At the same time, I frequently hear from local pastors about the weight of ministry responsibilities. Many of my former seminary classmates work more than 60 hours a week in their pastoral positions, and they bear the burden of overseeing many—if not all—areas of ministry in their churches.

The number of women seeking ministry positions and the full plates of pastors suggest a mutually beneficial proposition: churches should consider hiring women for ministry roles in the local church.

Here are three reasons why.

1. Promote and Create Theologically Rich Resources

Many pastors have expressed to me appropriate concern that their women’s ministries are reading theologically light books or only offering studies by the most popular Christian bloggers. At the same time, most pastors, due to time constraints and ministry demands, are not able to keep their ear to the ground in Christian women’s circles, nor are they able to read and review every book or study sought out by the women in their congregation.

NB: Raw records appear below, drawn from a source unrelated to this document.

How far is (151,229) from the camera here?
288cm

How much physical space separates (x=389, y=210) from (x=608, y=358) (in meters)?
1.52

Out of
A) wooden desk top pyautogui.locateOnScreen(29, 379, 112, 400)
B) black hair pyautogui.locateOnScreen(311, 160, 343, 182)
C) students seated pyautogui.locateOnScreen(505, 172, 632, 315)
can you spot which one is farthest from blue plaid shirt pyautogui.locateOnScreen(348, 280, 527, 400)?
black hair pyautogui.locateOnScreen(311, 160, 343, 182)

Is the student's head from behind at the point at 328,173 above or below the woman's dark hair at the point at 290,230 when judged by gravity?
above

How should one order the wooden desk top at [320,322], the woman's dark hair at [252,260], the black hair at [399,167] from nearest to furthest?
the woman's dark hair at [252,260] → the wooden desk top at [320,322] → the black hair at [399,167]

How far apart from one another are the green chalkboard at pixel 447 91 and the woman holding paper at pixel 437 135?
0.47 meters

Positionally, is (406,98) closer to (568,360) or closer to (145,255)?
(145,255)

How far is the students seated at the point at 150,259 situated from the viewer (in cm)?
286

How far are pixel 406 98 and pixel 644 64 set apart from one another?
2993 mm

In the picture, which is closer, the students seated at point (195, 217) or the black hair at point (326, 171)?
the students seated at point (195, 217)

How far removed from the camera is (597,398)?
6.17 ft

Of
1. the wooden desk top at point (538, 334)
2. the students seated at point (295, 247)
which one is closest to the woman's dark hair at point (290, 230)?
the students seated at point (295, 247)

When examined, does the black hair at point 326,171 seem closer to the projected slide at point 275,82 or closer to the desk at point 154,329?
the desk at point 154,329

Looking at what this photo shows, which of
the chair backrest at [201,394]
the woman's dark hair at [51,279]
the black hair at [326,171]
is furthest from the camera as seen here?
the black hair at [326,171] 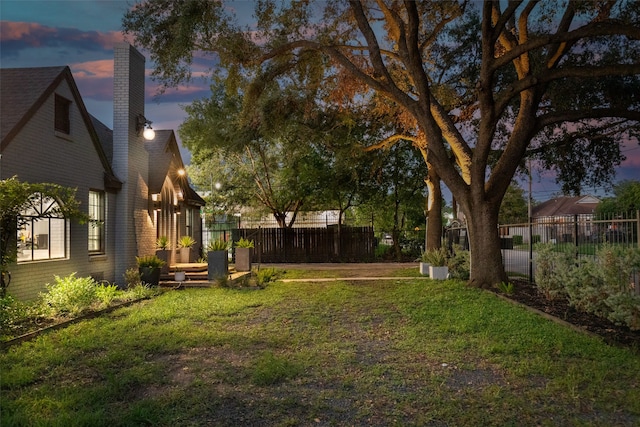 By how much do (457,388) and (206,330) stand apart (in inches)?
171

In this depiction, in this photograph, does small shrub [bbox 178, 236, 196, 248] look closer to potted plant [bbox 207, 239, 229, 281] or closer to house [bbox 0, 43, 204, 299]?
house [bbox 0, 43, 204, 299]

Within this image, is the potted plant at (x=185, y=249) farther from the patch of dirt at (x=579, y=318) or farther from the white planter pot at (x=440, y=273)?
the patch of dirt at (x=579, y=318)

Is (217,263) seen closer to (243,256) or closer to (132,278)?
(132,278)

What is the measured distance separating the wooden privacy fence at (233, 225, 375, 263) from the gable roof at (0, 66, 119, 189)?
13.6m

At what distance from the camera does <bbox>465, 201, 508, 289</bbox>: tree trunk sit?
39.9 ft

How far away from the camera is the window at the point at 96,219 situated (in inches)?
484

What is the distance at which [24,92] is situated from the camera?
996cm

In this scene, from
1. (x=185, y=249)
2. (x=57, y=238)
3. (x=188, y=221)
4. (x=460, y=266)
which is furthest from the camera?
(x=188, y=221)

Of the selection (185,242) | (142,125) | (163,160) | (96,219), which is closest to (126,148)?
(142,125)

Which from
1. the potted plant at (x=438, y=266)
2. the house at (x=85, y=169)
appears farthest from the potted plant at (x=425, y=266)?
the house at (x=85, y=169)

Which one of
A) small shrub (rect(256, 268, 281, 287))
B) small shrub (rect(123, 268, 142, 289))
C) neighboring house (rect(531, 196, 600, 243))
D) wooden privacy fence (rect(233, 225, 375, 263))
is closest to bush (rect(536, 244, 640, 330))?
neighboring house (rect(531, 196, 600, 243))

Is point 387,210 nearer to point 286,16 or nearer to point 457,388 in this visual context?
point 286,16

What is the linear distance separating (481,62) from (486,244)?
549 cm

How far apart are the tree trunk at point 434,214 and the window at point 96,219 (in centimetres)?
1149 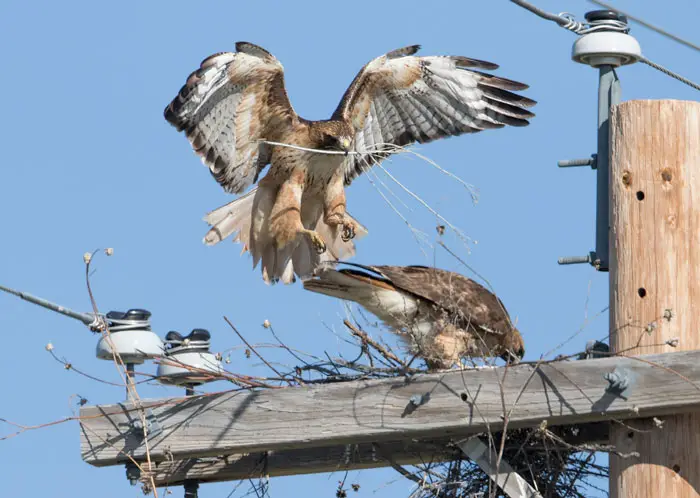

By hiring a woman who is equipped for ministry, pastors gain an advocate for theologically sound content.

By hiring a woman who is equipped (formally or informally) for ministry, pastors gain an advocate for theologically sound content. Adding a qualified woman to your ministry team gives you a theological ally who can vet resources and possibly curate theologically robust curriculum of her own. She’ll be able to support the theological vision of the church in areas of ministry less visible to the pastoral staff by guiding women toward a deeper understanding of God’s Word in both formal and informal settings.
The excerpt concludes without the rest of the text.